O drama de Fernando León de Aranoa se baseia nas memórias de Virginia Vallejo (Cruz), apresentadora de TV que conheceu (biblicamente, inclusive) o chefão do crime e teve toda sua vida alterada por esse relacionamento. Assim, a ascensão e queda de Escobar (Bardem) são mostradas através dessa relação.
Embora focalizado a partir das lembranças de Vallejo, a grande presença na tela é, sem dúvida, Pablo Escobar.
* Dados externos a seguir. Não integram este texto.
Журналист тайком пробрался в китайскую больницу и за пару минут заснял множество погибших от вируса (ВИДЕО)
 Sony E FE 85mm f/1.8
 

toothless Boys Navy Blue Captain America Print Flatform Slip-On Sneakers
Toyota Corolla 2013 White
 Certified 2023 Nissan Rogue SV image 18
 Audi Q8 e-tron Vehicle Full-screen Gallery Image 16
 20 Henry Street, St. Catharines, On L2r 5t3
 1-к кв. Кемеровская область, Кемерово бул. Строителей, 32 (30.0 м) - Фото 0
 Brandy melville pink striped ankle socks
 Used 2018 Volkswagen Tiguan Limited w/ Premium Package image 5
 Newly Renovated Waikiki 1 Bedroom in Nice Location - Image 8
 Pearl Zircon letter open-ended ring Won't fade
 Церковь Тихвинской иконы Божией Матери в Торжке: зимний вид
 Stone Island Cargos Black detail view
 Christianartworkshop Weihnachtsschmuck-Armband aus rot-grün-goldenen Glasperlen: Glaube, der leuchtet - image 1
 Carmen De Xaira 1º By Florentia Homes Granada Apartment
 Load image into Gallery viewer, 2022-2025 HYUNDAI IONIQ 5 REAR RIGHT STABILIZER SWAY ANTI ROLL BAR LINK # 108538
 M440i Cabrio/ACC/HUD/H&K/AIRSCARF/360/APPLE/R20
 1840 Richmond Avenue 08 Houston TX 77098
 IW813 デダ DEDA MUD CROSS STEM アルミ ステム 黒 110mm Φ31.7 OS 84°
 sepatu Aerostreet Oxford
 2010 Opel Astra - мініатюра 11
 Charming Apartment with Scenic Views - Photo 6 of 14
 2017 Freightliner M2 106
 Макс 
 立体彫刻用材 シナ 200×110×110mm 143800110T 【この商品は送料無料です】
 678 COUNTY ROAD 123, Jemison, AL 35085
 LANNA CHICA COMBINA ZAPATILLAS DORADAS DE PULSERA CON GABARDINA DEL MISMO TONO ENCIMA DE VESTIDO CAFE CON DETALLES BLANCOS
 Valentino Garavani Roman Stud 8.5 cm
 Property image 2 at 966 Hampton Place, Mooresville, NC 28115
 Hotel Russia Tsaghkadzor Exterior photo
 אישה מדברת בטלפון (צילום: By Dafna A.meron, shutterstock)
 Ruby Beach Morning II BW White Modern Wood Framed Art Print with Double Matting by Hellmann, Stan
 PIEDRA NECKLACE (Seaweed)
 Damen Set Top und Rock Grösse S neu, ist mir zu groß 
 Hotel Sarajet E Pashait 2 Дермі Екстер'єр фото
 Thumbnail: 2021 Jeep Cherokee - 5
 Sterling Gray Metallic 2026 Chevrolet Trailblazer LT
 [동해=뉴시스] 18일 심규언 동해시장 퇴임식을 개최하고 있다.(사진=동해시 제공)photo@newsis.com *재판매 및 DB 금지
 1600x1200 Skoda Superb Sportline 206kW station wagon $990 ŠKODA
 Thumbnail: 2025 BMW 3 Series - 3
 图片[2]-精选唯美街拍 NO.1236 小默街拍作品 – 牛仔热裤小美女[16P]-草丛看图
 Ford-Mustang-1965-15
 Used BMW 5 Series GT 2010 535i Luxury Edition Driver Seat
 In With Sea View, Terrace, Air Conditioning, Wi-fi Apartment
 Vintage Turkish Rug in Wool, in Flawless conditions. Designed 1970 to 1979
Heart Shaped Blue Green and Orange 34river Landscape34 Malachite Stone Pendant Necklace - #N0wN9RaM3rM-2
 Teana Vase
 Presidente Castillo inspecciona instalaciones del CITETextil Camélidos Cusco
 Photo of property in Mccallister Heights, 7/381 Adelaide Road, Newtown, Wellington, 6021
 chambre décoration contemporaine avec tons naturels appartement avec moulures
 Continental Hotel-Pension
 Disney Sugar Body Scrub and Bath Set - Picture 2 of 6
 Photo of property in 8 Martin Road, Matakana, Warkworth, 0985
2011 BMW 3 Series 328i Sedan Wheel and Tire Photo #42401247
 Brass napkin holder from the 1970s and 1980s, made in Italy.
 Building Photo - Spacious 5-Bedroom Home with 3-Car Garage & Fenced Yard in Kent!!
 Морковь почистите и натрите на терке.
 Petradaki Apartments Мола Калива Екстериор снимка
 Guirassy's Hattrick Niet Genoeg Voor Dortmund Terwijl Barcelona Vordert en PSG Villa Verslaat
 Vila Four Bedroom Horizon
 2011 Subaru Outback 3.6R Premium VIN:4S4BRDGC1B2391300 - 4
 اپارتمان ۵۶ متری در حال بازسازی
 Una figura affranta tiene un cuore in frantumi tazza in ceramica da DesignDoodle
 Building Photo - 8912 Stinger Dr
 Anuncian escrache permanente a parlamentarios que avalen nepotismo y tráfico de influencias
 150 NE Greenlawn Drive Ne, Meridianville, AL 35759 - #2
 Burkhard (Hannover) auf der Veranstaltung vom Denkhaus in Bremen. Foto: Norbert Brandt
Potencializado pela sempre competente atuação de Javier Bardem (aqui não tocando seus maiores momentos, como “Mar Adentro” ou “Onde os Facos Não Têm Vez”, mas, como sempre, competentíssimo), o filme faz uma interessante construção da figura, multifacetada em anti-herói, gênio do crime, bandido sedutor, pai de família e, paradoxal e risivelmente, “homem de princípios”. Já o trabalho de Penélope Cruz fica marcado por um desequilíbrio pesado, oscilando entre momentos de brilho e outros que serão lembrados como puro constrangimento.
Aliás, um desequilíbrio que conta muito negativamente para a produção é o canhestro trabalho de caracterização na segunda metade do longa. Enquanto a primeira parte da história exibe uma maquiagem bastante competente, a segunda é desastrosa. As perucas com as quais castigaram Penélope Cruz me deixaram uma semana assombrado pelas lembranças de um dos maiores momentos da publicidade nacional nos anos 80, o clássico comercial das Perucas Lady, tá? (para os que não tiveram a felicidade de ver esse momento, espremido pelo programa da Xuxa e o Globo Esporte, aí vai o serviço de utilidade pública que é esse link: https://www.youtube.com/watch?v=XBCN2Af_nEU).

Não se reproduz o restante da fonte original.